(BVerfG, [stattgebender] Beschl. v. 16.10.2020 – 1 BvR 2805/19) • Das Grundrecht der Meinungsfreiheit (Art. 5 Abs. 1 S 1 GG) setzt für eine strafgerichtlichen Verurteilung nach § 185 StGB i.d.R. voraus, dass die Beeinträchtigungen, die der persönlichen Ehre auf der einen und der Meinungsfreiheit auf der anderen Seite drohen, abwägend gewichtet werden (vgl. BVerfG v. 10.10.1995 – 1 BvR 1476/91, BVerfGE 93, 266 [293]; st. Rspr.). Diese grundrechtlich angeleitete Abwägung erfordert eine umfassende Auseinandersetzung mit den konkreten Umständen des Falles und der Situation, in der eine Äußerung gefallen ist (vgl. BVerfG v. 19.5.2020 –1 BvR 2397/19 [Rn 15 ff.]).

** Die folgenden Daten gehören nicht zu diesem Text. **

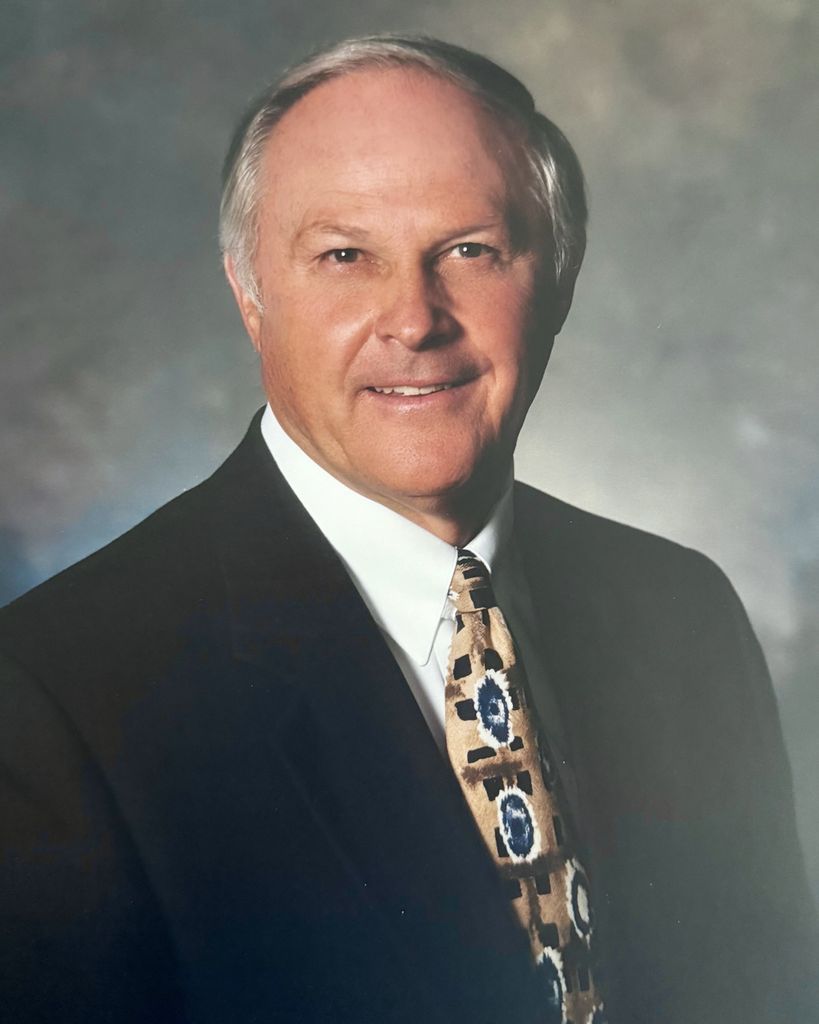 Kenneth Ray Broyles Profile Photo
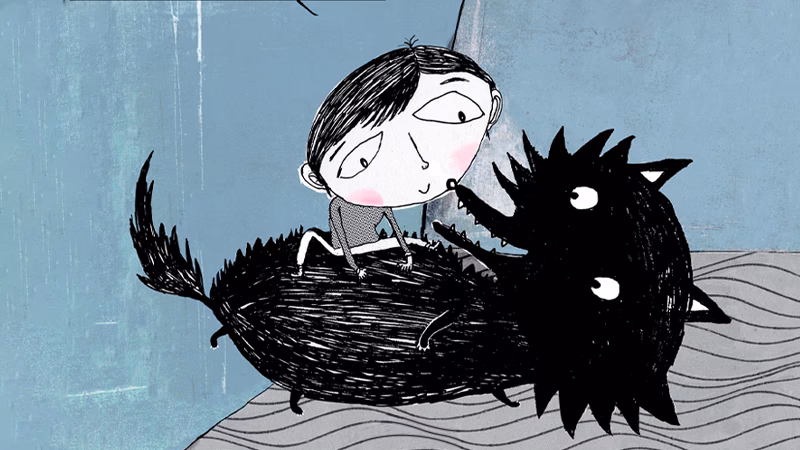 Hvad handler køteren om?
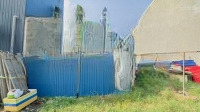 Đất 86M Gần Làng Đại Học Quốc Gia Tphcm P. Đông Hòa Tp Dĩ An
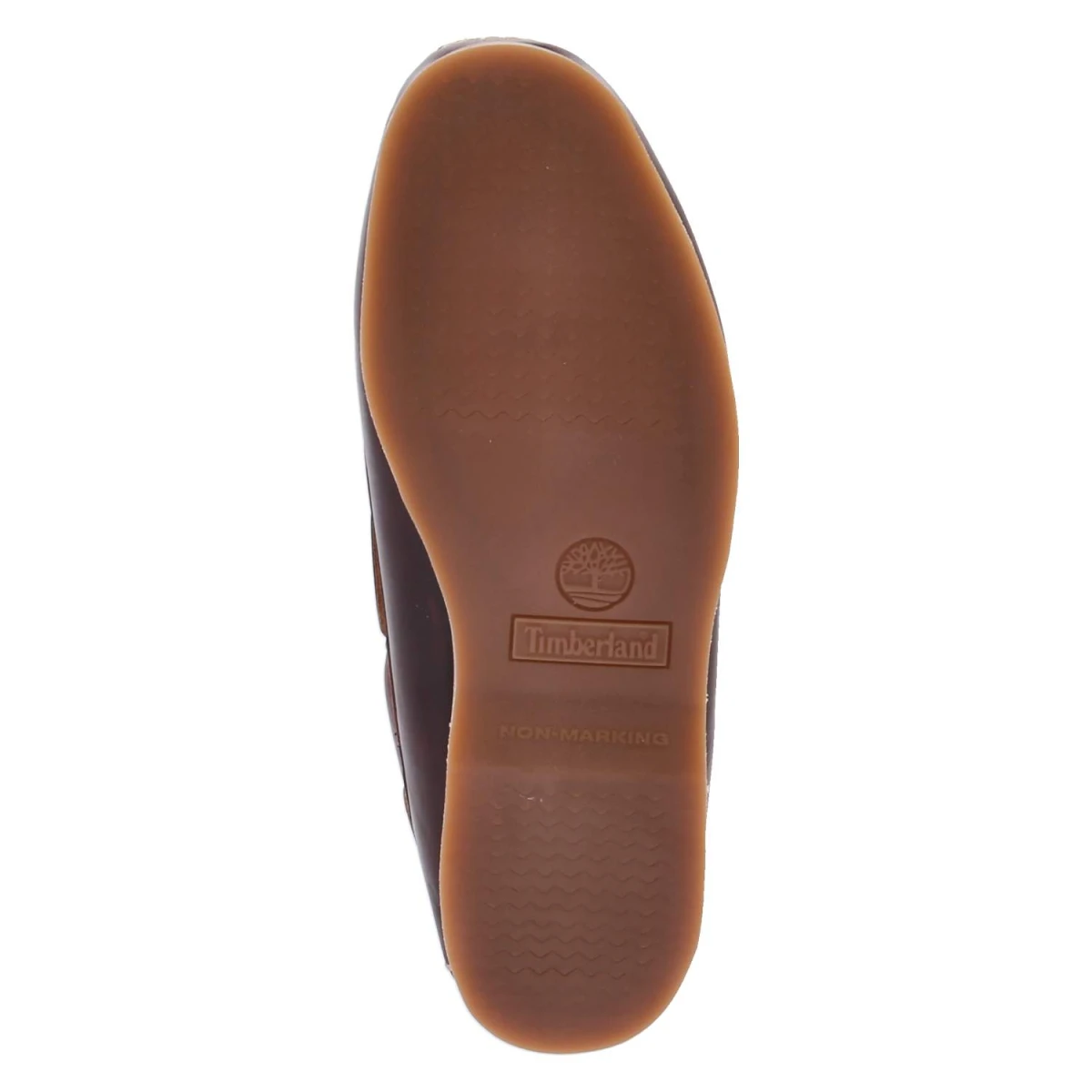 Bootsschuhe CLASSIC BOAT - brown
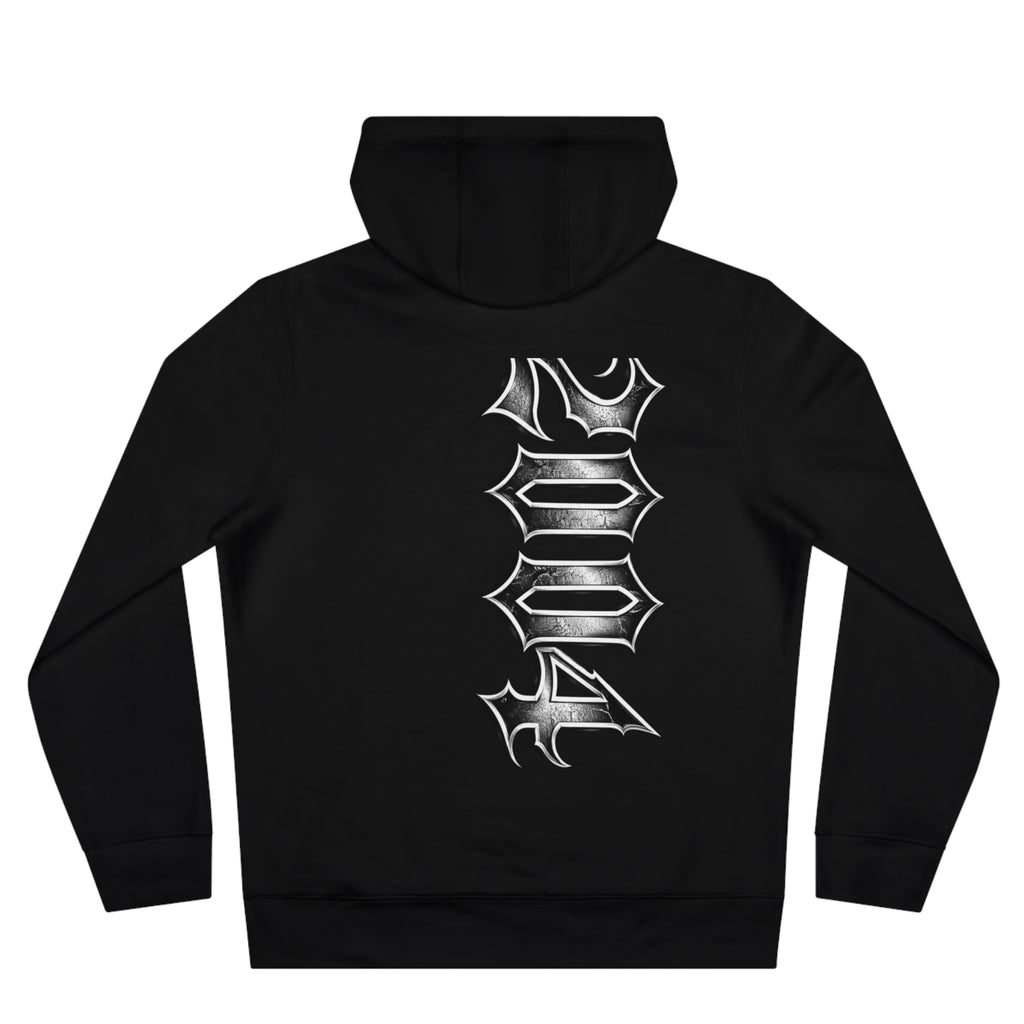 King Hooded Sweatshirt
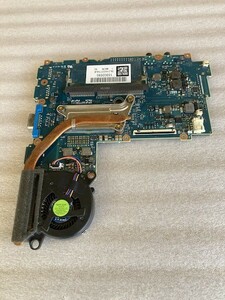 PCL07-05 パナソニック Panasonic Let'snote CF-SX3SDSTC 用 マザーボード 現状品 消費税0円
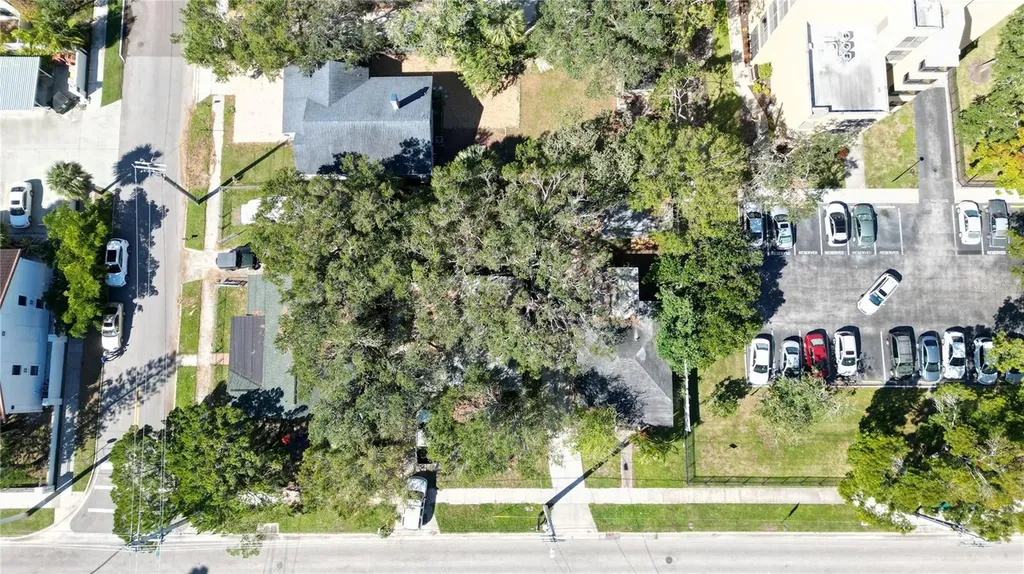 711 N Orange Avenue Sarasota FL 34236
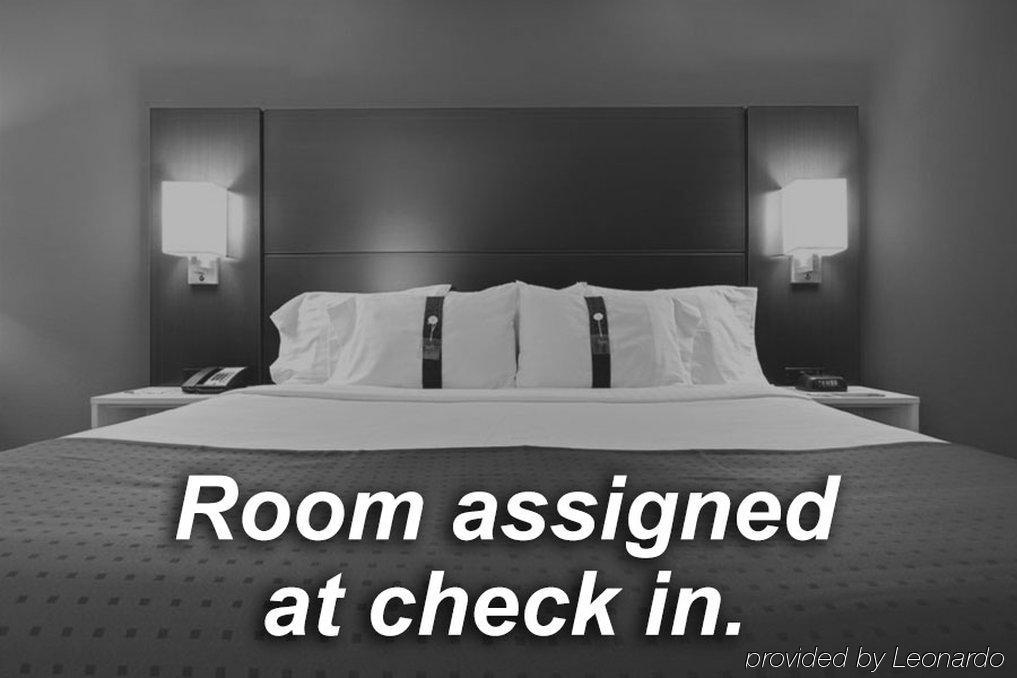 Holiday Inn Express Little Rock-Airport By Ihg Екстер'єр фото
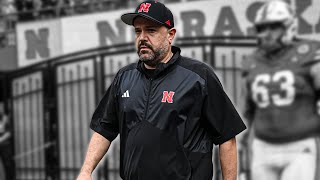 Matt Rhule's FUTURE At Nebraska HINGES On This..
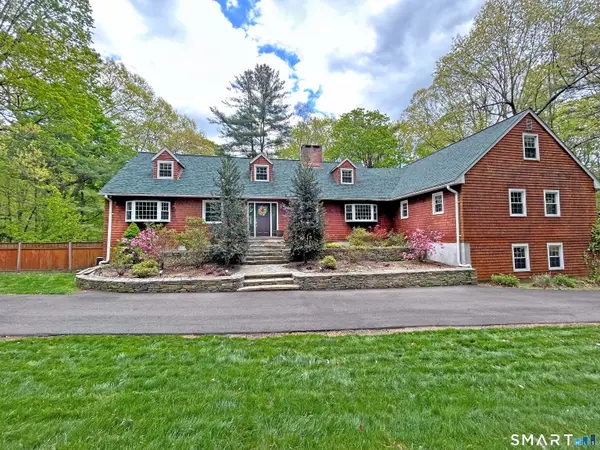 46 Henderson Drive, Avon, CT 06001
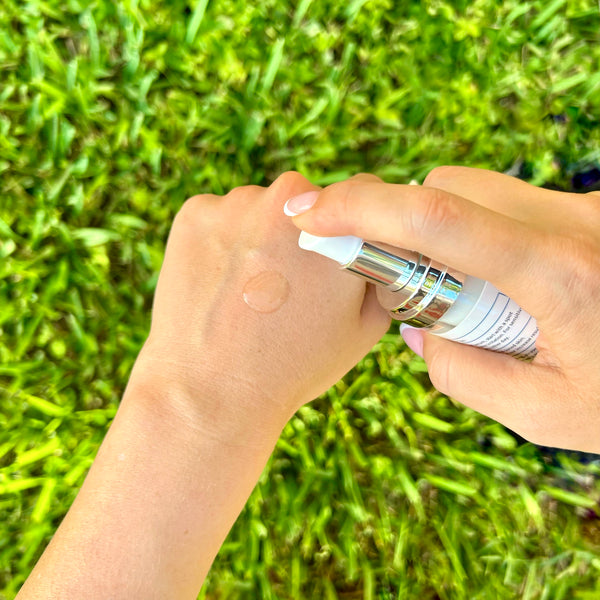 NueTag NueTag Dark Spot Remover Face Serum 30ml 0 กก.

Abweichend davon tritt ausnahmsweise bei herabsetzenden Äußerungen, die die Menschenwürde konkreter Personen antasten oder sich als Formalbeleidigung oder Schmähung darstellen, die Meinungsfreiheit hinter den Ehrenschutz zurück, ohne dass es einer Einzelfallabwägung bedarf (vgl. BVerfG v. 10.11.1998 – 1 BvR 1531/96, BVerfGE 99, 185 [196]; st. Rspr.). Möchte sich ein Fachgericht auf diese Ausnahmen stützen, so bedarf es einer tragfähigen, auf objektiv feststellbare Umstände gestützten Begründung (vgl. BVerfG v. 19.5.2020, a.a.O. [Rn 23–25]).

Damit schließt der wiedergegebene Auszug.